Cooley Law School Grand Rapids Teen Court

  • Pro Bono Program/Legal Services Organization

On October 23, 2009 at 9:00 a.m., the first hearing of a Grand Rapids Teen Court will be held at the Law Center at the Thomas M. Cooley Law School's Grand Rapids campus. Teen Court is a pilot project of the non-profit Carter-Alexander Institute, which is working in conjunction with Cooley Law School on the project.
Teen Court is a diversion program for first time youthful misdemeanor offenders between the ages of 11 and 16. Through an agreement with the Kent County Prosecutor's Office, families of youthful offenders can opt to avoid the traditional criminal justice system by agreeing to participate in Teen Court. The participants must agree to remain in school, attend street law workshops, complete community service, apologize to any victims, and attend a hearing at which a jury of their peers (local high school students) will deliver a disposition that often includes additional community service, restitution, and other forms of restorative justice.
The project has received support from local bench, prosecutor's office, and probation department in Kent County, and local leaders have welcomed the effort to reduce juvenile recidivism. Cooley faculty will serve as volunteer judges along with local attorneys and judges.
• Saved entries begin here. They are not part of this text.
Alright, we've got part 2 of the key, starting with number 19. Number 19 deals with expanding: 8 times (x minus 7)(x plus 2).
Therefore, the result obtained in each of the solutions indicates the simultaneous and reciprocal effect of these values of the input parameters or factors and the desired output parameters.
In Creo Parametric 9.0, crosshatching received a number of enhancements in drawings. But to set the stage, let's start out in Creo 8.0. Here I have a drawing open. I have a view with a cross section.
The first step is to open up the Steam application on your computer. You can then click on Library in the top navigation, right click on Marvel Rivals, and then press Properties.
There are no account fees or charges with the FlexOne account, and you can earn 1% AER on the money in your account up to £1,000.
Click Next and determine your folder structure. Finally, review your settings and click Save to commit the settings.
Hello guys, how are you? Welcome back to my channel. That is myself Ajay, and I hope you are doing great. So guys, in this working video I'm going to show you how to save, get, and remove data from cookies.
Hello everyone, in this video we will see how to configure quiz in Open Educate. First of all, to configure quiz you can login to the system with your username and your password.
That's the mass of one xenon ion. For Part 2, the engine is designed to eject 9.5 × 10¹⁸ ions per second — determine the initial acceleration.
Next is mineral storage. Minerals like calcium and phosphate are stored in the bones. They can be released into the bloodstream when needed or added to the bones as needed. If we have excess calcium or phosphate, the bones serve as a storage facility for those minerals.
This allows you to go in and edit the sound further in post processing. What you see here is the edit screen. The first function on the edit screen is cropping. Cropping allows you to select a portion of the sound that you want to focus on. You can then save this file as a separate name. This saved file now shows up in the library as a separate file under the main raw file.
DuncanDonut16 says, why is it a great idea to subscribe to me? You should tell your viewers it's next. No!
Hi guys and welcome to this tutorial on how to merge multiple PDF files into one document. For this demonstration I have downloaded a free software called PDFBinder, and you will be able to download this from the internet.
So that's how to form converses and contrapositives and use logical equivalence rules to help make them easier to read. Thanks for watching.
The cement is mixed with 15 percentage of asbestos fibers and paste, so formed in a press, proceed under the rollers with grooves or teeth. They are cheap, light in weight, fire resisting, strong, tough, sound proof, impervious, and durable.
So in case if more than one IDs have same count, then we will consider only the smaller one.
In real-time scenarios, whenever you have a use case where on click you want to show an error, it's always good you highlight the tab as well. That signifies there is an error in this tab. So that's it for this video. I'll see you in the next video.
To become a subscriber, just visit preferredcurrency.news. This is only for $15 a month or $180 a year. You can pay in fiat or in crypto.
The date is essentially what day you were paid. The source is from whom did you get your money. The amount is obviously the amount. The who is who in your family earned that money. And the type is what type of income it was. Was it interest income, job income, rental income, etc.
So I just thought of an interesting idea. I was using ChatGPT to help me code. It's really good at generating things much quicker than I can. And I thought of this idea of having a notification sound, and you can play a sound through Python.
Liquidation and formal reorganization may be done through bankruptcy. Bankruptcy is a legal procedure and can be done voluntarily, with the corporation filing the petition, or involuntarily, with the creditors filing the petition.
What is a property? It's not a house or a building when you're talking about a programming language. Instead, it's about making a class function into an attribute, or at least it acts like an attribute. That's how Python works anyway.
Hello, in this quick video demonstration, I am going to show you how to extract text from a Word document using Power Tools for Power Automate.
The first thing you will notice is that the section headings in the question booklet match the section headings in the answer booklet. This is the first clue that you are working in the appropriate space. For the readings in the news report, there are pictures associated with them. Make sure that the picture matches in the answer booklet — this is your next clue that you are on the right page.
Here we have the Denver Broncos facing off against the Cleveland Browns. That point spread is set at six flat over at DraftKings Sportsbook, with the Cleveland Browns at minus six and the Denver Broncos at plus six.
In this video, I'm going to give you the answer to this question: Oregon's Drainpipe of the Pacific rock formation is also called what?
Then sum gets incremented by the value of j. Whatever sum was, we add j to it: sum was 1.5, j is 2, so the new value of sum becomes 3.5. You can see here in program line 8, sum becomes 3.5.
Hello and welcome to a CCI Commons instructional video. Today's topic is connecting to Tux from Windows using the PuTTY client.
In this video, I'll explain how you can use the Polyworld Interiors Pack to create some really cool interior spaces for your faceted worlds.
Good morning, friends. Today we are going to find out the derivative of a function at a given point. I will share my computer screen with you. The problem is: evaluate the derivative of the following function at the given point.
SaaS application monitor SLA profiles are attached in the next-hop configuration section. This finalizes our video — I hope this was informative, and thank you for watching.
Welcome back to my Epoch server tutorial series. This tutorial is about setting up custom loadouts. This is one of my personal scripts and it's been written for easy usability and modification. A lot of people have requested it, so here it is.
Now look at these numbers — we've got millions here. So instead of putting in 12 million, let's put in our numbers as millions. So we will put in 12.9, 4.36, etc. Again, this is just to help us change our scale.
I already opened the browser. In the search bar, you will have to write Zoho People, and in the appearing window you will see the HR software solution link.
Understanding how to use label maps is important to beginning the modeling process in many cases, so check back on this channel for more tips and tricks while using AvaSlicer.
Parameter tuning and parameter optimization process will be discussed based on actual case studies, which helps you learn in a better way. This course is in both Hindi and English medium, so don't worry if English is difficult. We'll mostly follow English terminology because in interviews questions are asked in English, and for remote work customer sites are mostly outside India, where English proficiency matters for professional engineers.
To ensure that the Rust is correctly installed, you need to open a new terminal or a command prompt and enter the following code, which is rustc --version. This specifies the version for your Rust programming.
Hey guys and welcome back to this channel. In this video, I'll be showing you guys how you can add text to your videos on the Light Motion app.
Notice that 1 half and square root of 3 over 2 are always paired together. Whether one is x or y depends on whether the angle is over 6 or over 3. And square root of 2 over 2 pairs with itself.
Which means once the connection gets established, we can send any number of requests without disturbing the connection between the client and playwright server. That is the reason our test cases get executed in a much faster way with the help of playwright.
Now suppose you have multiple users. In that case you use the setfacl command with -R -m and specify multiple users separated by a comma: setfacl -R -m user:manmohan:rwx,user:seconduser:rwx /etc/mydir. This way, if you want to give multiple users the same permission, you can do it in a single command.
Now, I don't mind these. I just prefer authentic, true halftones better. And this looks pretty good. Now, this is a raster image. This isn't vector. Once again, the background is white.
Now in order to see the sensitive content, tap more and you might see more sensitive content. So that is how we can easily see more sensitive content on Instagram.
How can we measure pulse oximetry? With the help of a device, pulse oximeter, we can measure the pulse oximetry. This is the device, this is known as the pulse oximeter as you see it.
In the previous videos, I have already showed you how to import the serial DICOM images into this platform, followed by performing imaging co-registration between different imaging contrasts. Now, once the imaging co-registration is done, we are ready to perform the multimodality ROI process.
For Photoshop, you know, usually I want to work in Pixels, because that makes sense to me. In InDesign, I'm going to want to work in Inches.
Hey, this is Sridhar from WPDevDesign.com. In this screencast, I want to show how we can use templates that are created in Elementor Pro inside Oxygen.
Cooley students will serve as Respondents' and victims' advocates, hearing observers, and as jury monitors during jury deliberations. They will also help the Respondents complete their required orders for the Teen Court diversion from prosecution. Many of them may also serve as academic mentors for the students and establish relationships with the teenagers that continue beyond Teen Court.
Anna Rapa, the director of the Carter-Alexander Institute, and an adjunct professor at Cooley, is leading the pilot project with the assistance of Assistant Dean Tracey Brame, Adjunct Professor Mike Dunn, and students Audrey Codera and Ebony Holden. They have worked closely with the Teen Court program in Lansing, MI, which has operated for years in conjunction with the Ingham County Prosecutor's Office. Student Ebony Holden is working with Lansing Teen Court to develop a Street Law Curriculum and is also recruiting and training Cooley law students to teach it. The program participants must attend a certain number of street law sessions. Student Audrey Codera has a non-profit management background and is helping with marketing materials and standard operating procedures. In the Grand Rapids project, Cooley Law School students will teach the Street Law instruction.

Cooley has been instrumental in implementing the program, and in providing office space, student support, and numerous other in-kind donations.
Hearings will be held once every month through the spring. The pilot project participants hope to have a successful year and obtain funding for a long-term project.